Quarante-huit heures après le discours controversé du grand patron d’Air Canada, on se demande ce qui est le pire.

Qu’il se soit entêté à prononcer ce discours uniquement en anglais, devant un public francophone, en sachant fort bien que cela nuirait à la réputation de son entreprise ?

Qu’il se vante de pouvoir vivre au Québec depuis 14 ans sans avoir eu à apprendre le français ?

Ou qu’il ait trouvé le moyen d’être insultant… tout en s’excusant ?

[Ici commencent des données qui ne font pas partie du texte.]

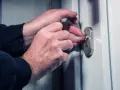 Mains expertes manipulant des outils pour tenter de comment ouvrir un portail sans clé.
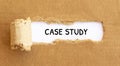 Text Case Study appearing behind torn brown paper Royalty Free Stock Photo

Michael Rousseau tourne le fer dans la plaie en promettant maintenant d’améliorer son français, parce que c’est la « langue d’usage au Québec » alors qu’il s’agit de la langue officielle du Québec, de la langue commune.

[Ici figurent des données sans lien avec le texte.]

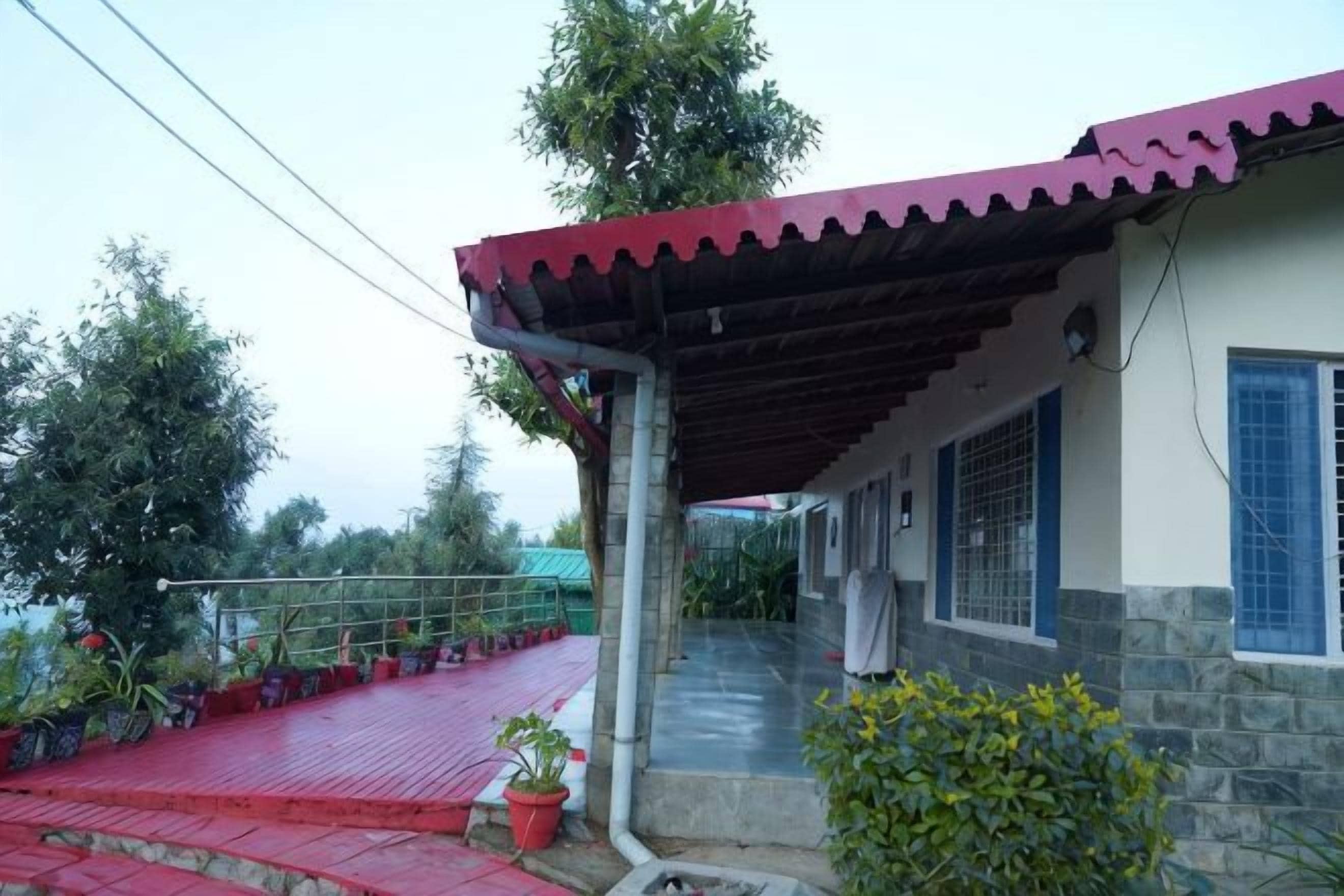 A building with a covered porch, a stone wall, and a red pathway leading to the entrance.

Mais peut-on s’en surprendre ? Son attitude reflète simplement le comportement déplorable d’Air Canada, qui a été écorché si souvent par le Commissariat aux langues officielles à cause des manquements répétés à son service en français.

C’est particulièrement désolant de la part d’une ancienne société d’État qui devrait montrer l’exemple.

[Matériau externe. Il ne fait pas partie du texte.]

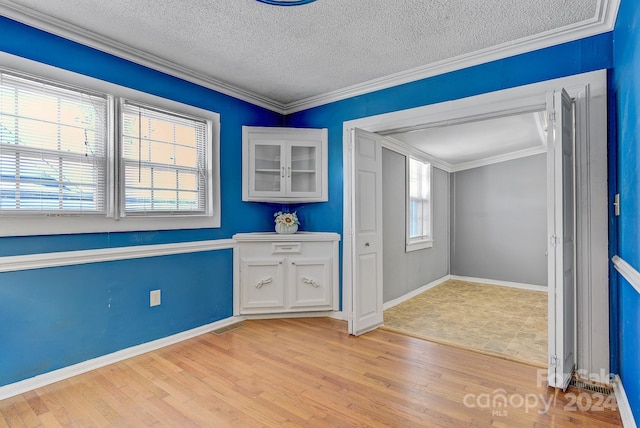 interior space with a textured ceiling, crown molding, and light hardwood / wood-style floors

Mais que voulez-vous ? Quand on est un quasi-monopole, on peut tout se permettre. Même prononcer sans aucune gêne un discours en anglais en plein cœur de Montréal.

Mais le pire, ce n’est pas ce discours. Non, c’est le fait que la communauté des affaires a applaudi.

Parmi les 320 personnes qui participaient au déjeuner-causerie, pas un chat ne s’est levé pour dénoncer Michael Rousseau. Personne n’a quitté la salle en guise de protestation. Et dans la foulée de cette controverse, les chefs d’entreprises du Québec n’ont pas cru bon de se lever en bloc, comme les politiciens de tous les partis confondus, pour affirmer leur soutien à la protection du français.

Voilà le signe qu’il y a quelque chose qui cloche, bien au-delà d’Air Canada.

M. Rousseau est loin d’être le seul patron d’entreprise montréalaise à ne pas parler un mot de français. D’autres multinationales, comme Couche-Tard, CGI et SNC-Lavalin, ont un patron unilingue anglophone. La Banque Laurentienne a même nommé une présidente qui travaille de Toronto, même si le siège social est à Montréal.

Or, quand le patron ne parle pas français, tous ceux qui travaillent sous ses ordres sont forcés de s’exprimer dans la langue de Shakespeare, ce qui se reflète dans l’entreprise au complet.

On a beau avoir un comité de francisation, quel employé osera se plaindre quand le grand patron lui-même parle seulement anglais ?

Alors le sujet reste tabou. Jusqu’à ce qu’une tempête médiatique éclate, comme à la Caisse de dépôt et placement du Québec, il y a 10 ans.

Mais cette nouvelle controverse linguistique arrive au pire moment pour la communauté des affaires, qui se plaint des contraintes prévues dans le projet de loi 96, qui donnera plus de muscles à la loi 101.

L’attitude du patron d’Air Canada démontre qu’il y a un problème avec le français dans le monde du travail. Et ce problème, il vient d’en haut. Du manque de leadership des grands patrons.

En matière de parité et de diversité, beaucoup d’efforts ont été faits pour favoriser l’embauche de femmes et de membres de communautés culturelles dans des postes clés. D’accord, les progrès sont trop lents : le nombre de femmes sur des C.A. est passé de 11 % en 2015 à 22 % aujourd’hui. Mais au moins, on les mesure, on y accorde une importance. Ça fait partie intégrante de la saine gouvernance.

Il devrait en être de même pour le français.

Le message doit venir d’en haut. Les patrons doivent s’investir de la mission de faire rayonner la langue. C’est la meilleure façon d’éviter les crises qui nuisent à leur réputation. Et le meilleur moyen d’éviter qu’on leur impose des règles dont ils ne veulent pas.

On dit que la meilleure défense, c’est l’attaque. Alors, que les présidents d’entreprises passent à l’action. Qu’ils se lèvent et promeuvent le français.